Gözlerimi açmıyordum, açamıyordum.
Korkuyordum çünkü.
Kime ne olmuştu?
Hatırladığım en son şey elimdeki bıçağın birini yaralamasıydı.
Fakat kimi?
"Alyona..." diye sayıklayarak gözlerimi açtım.
Evgin yanımdaydı.
"İyi misin?" dedi, üzgün gözüküyordu. Yanıma oturmuş bir eliyle saçlarımı okşuyordu.
"İyiyim..." deyip doğruldum. "Ne oldu..."
"Atak geçirdin." dedi.
Benden bir şey saklıyordu.
"Bıçak..." dedim en son olanları hatırladığımda. "Elimde bıçak vardı."
"Bir şey olmadı, kimseye zarar vermedin." dedi, bana belli etmemeye çalışsa da telaşlıydı.
"Yalan söylüyorsun." dedim ve bir şey olup olmadığını öğrenmek için onu incelemeye başladım.
O an, sargılı eliyle sargılı elimi tuttu.
İkimiz de yaralıydık.
İkimizin de aynı elinde, aynı sargı sarılıydı.
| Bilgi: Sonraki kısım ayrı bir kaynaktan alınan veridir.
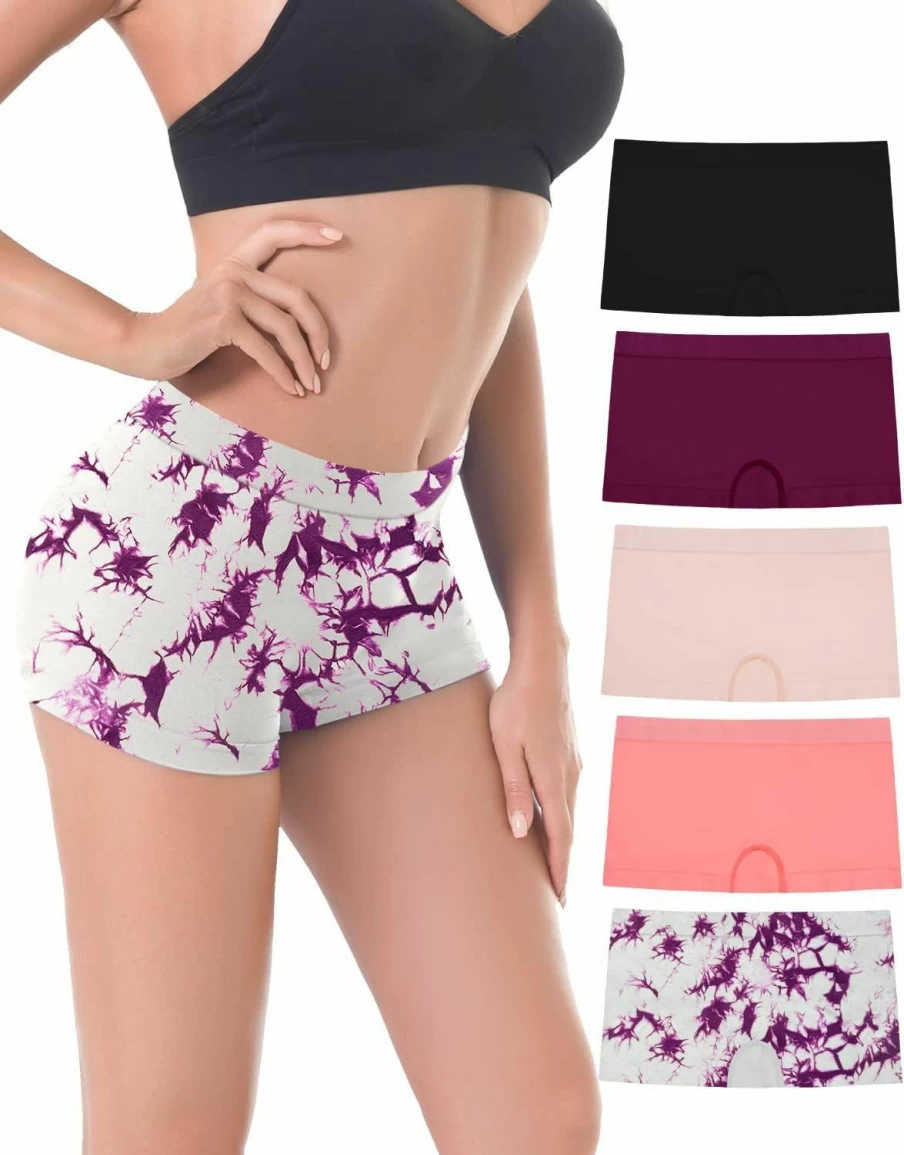 LALESTE Women's Seamless Boyshort Underwear 5-Pack - Soft, Stretchable Full Coverage Panties Boxer Briefs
"N-ne oldu..." dedim elini ellerim arasına alarak.
Benim yaralanmış olmam umurumda değildi.
"Önemli bir şey değil," dedi ve bu sefer o, elimi ellerinin arasına aldı. "Seninki daha ciddi."
"Ben mi yaptım..." dedim hayretle, Evgin'in söylediklerini kaale almıyordum.
"Bilerek yapmadın." dedi Evgin derin bir nefes verdikten sonra.
"Sen, daha yeni benim için ellerini yakmışken..." dedim gözlerim dolarken. "Bir de ben mi yaraladım seni..."
Gözyaşlarım istemsizce akarken ona sarıldım.
"Özür dilerim..." diye fısıldadım hıçkırıklarımın arasından.
"Önemli değil..." dedi Evgin yüzümü ellerinin arasına alarak. "Şimdi Alyona'ya odaklanmamız lazım."
Başımı sallayarak onu onayladım. Tam ayağa kalkacakken Evgin beni durdurdu.
"Bekle." dedi. "Bir süre burada kalman hepimiz için iyi olur."
Onlara zarar verebilirdim.
Bu yüzden bu odada kalmam gerekiyordu.
"Tamam..." dedim.
Ve Alyona bulunana kadar bu odada kalacağıma söz verdim.
Ertesi gün...
Sabahın çok erken saatleriydi. Yatak odamızda tek başımaydım.Evgin'in Alyona'nın odasında uyuduğunu biliyordum.
Evet, Evgin uyuyordu.
Kızının kıyafetlerine sarılarak uyuyordu.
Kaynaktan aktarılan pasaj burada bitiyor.